- **TASK GOAL**
Range to repeat from the listing below: the line containing "Wagon Wheel Campground Wisconsin Picture 10" down to the line containing "D5663 Belt Set Low Dress", both included. Copy it exactly, pictures excluded, and add nothing else.

- **TASK INPUTS**
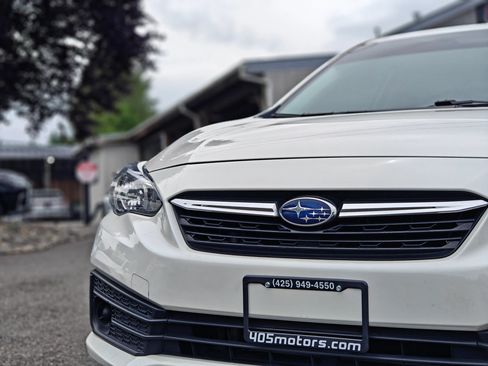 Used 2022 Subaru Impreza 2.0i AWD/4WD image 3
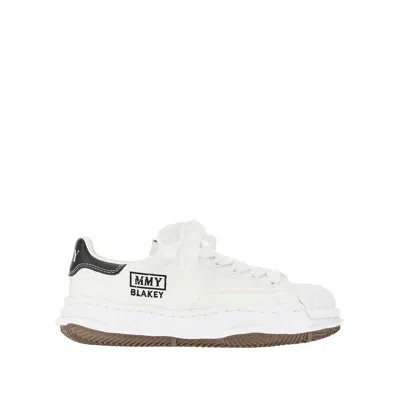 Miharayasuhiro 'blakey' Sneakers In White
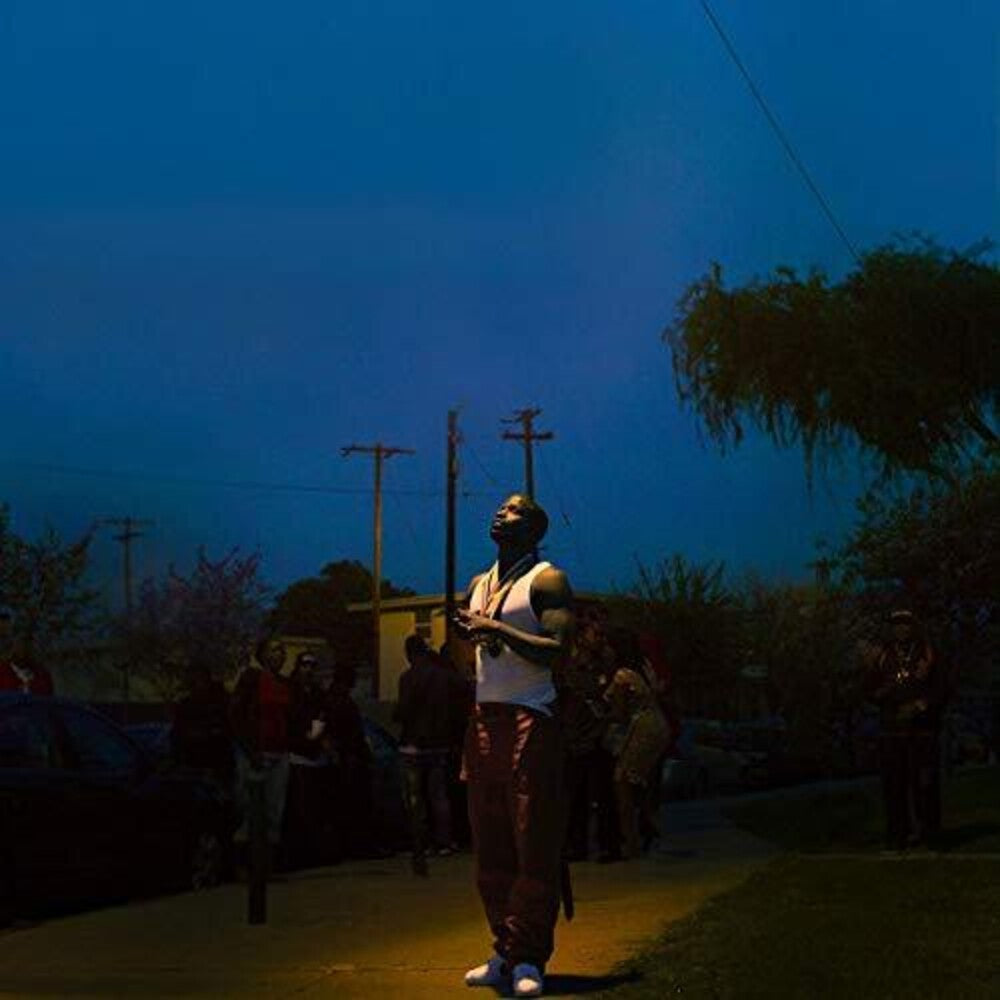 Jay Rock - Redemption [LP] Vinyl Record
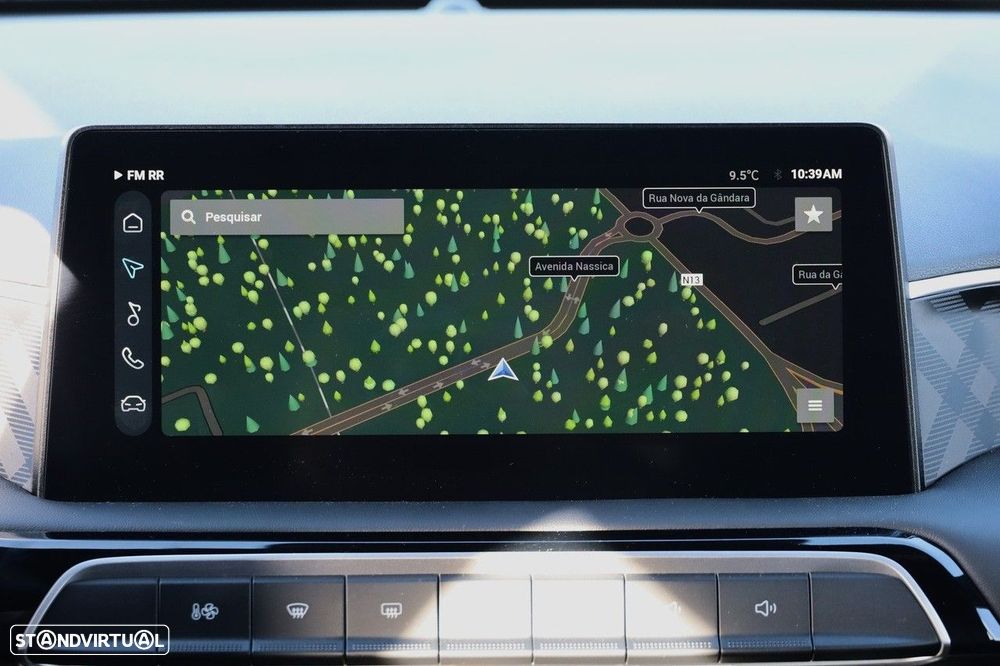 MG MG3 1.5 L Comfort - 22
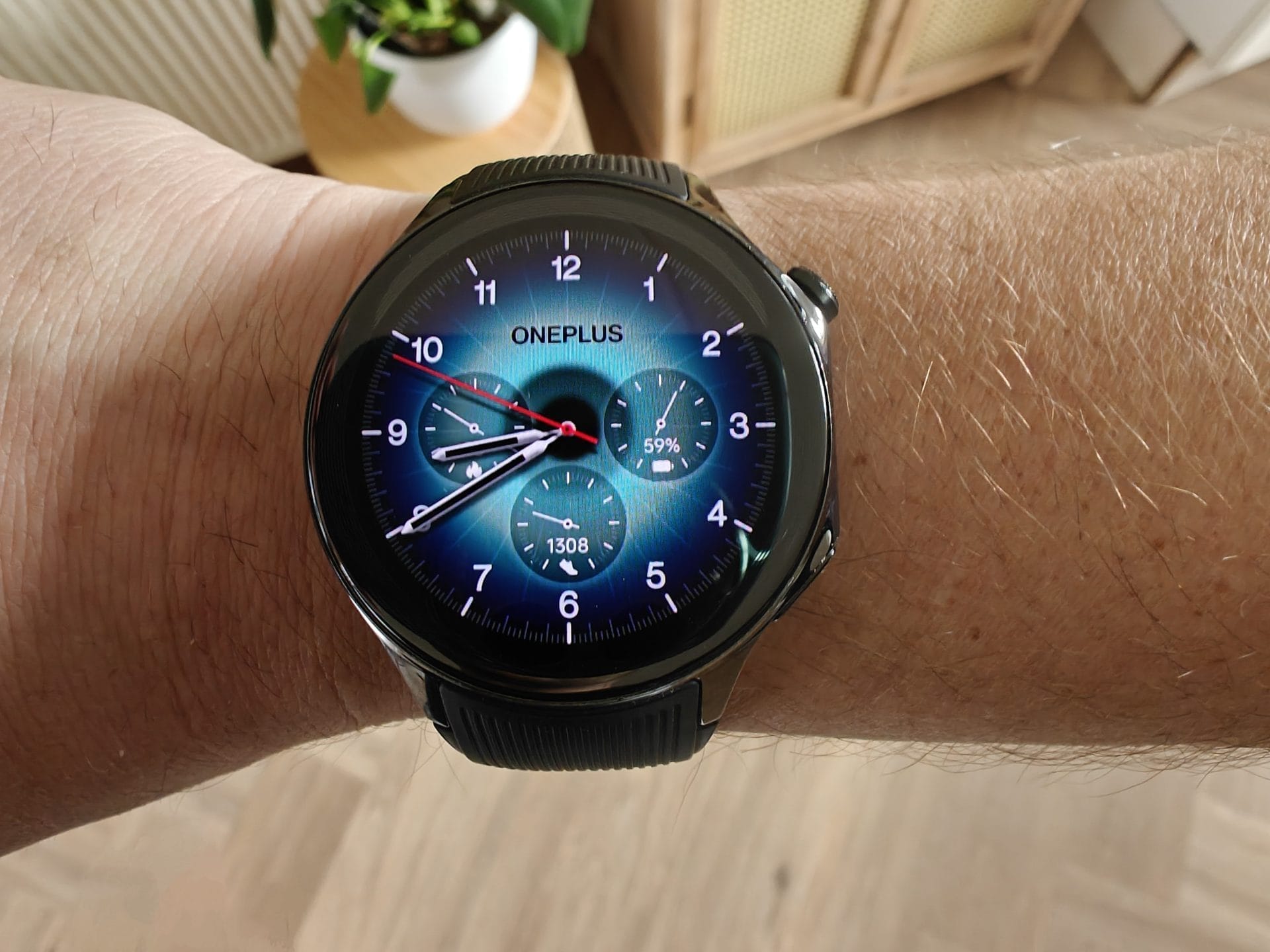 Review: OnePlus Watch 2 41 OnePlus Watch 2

* * *

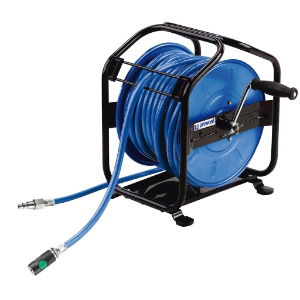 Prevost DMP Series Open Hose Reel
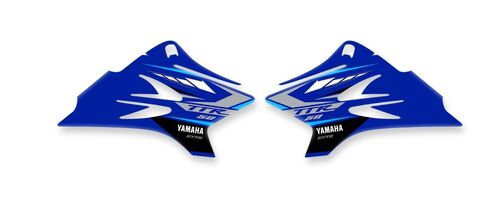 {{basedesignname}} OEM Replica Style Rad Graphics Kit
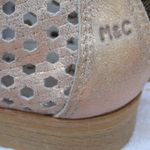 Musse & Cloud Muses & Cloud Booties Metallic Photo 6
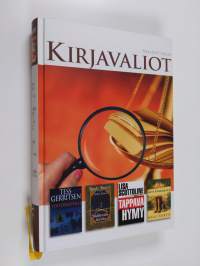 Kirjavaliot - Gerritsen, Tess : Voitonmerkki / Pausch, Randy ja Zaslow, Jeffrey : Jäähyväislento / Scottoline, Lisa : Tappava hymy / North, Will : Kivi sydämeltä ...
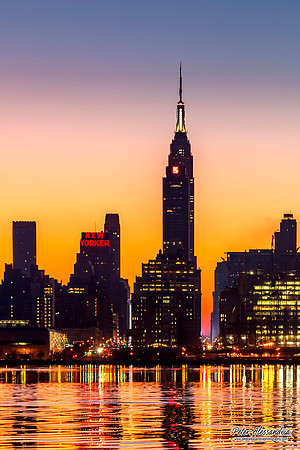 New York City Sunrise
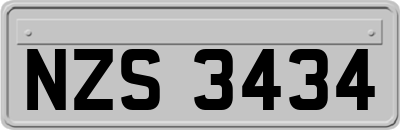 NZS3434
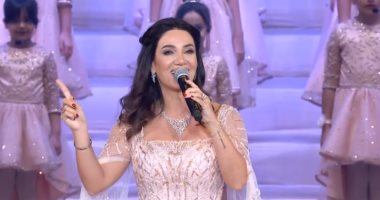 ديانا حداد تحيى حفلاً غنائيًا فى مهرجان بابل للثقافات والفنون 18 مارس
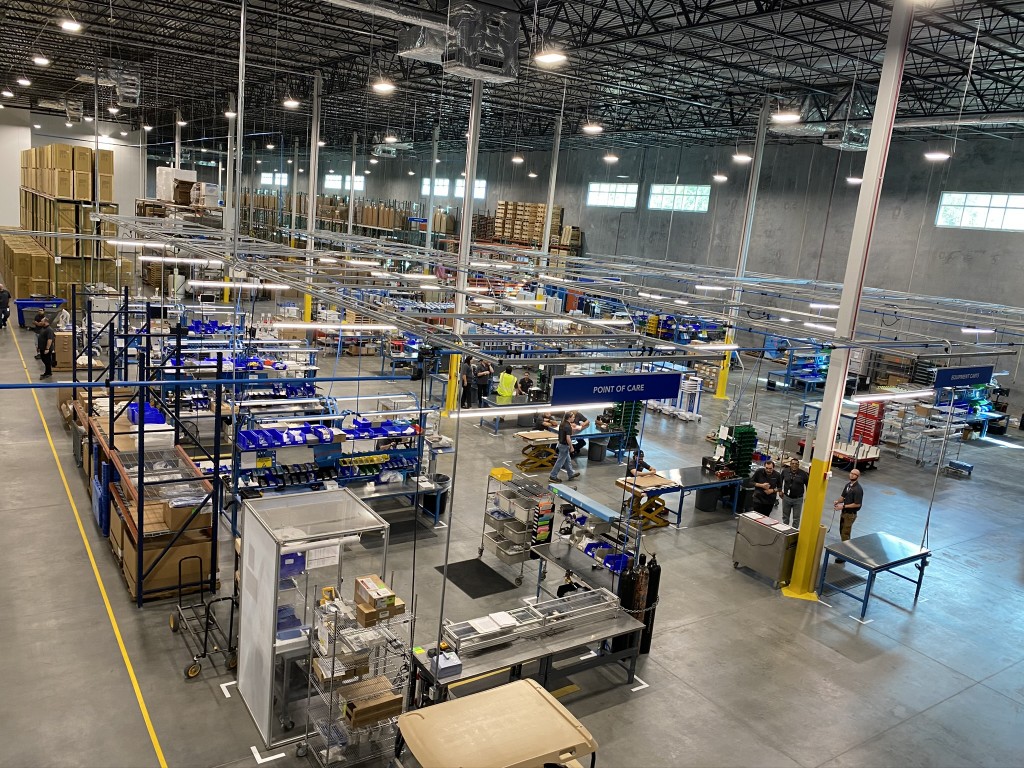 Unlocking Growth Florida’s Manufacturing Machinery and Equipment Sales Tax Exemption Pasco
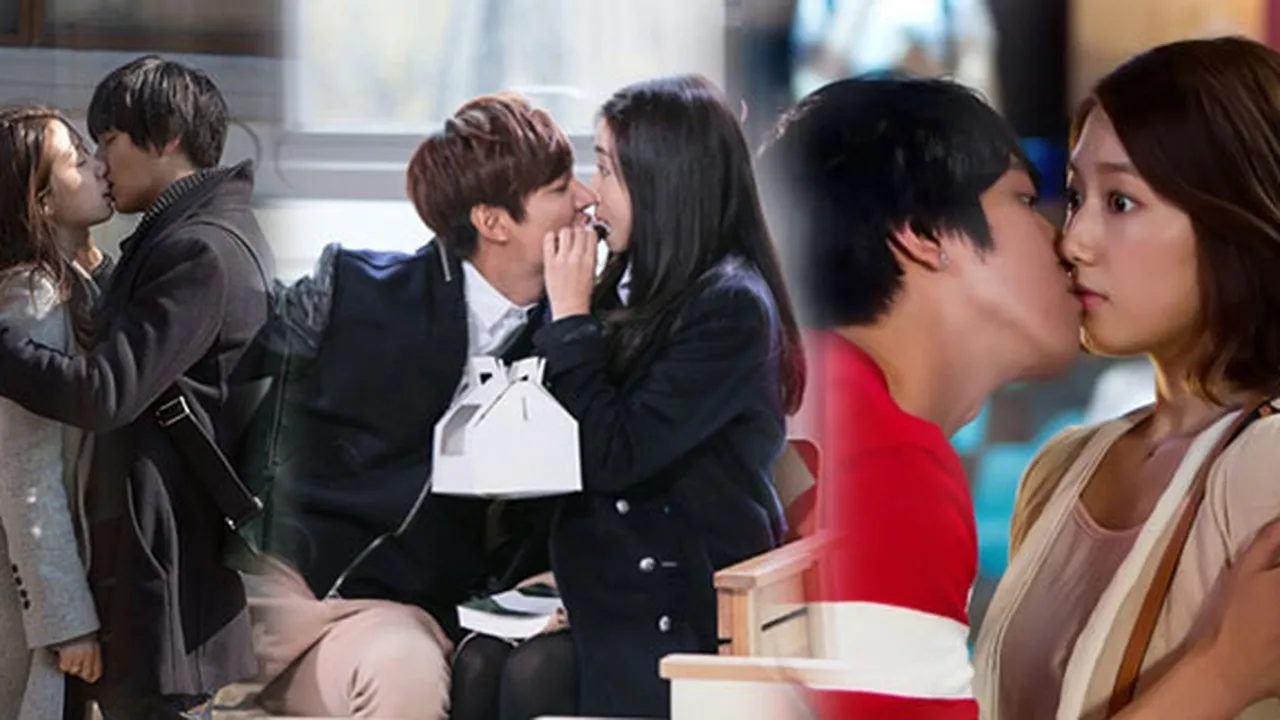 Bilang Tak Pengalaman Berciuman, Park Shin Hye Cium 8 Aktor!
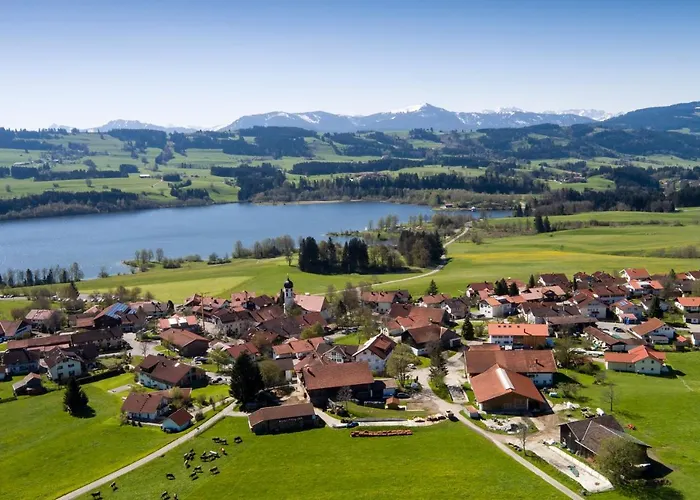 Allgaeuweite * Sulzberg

---

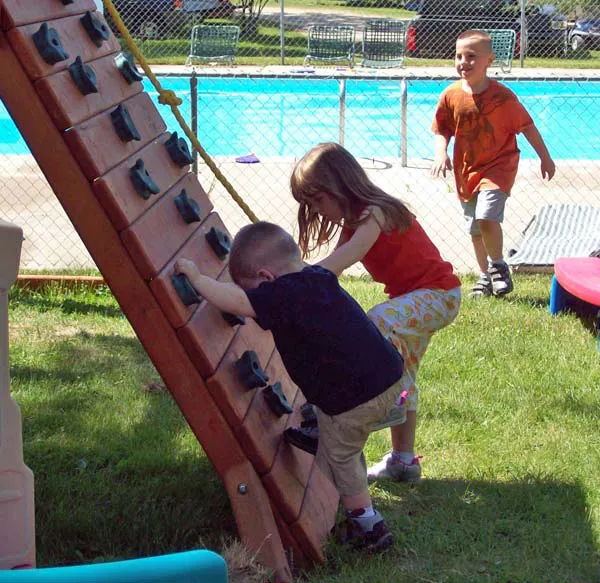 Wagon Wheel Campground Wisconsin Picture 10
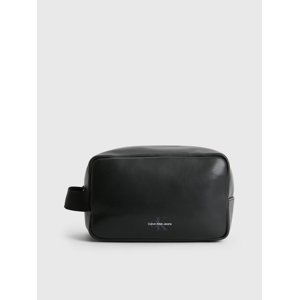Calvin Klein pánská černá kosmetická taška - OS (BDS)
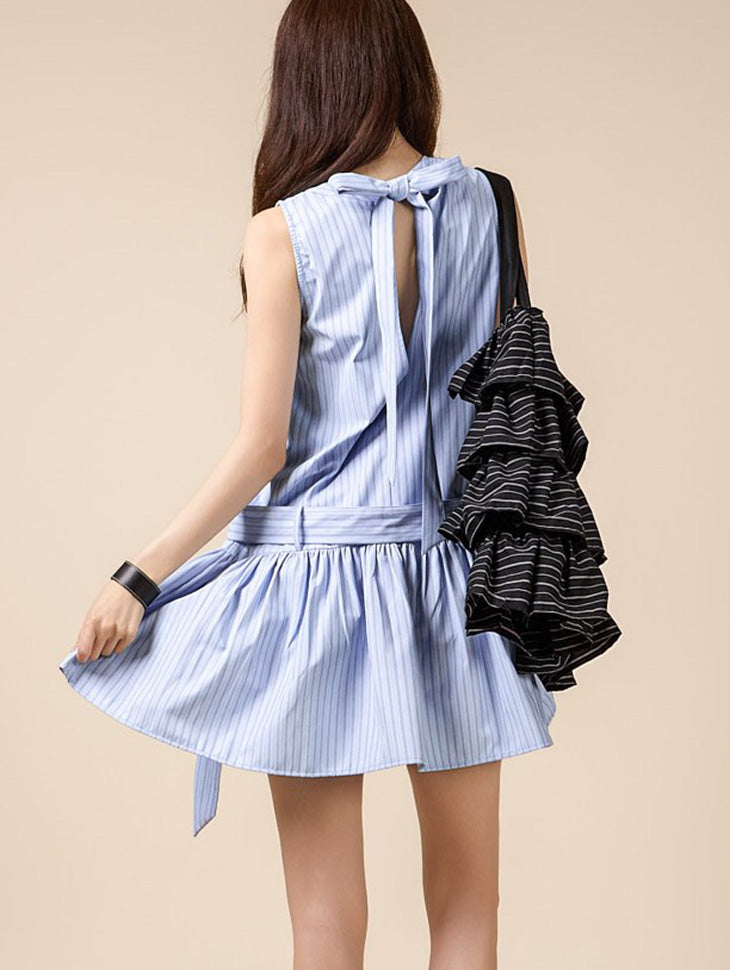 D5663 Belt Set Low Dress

- **EXERCISE SOLUTION**
 Wagon Wheel Campground Wisconsin Picture 10
Calvin Klein pánská černá kosmetická taška - OS (BDS)
 D5663 Belt Set Low Dress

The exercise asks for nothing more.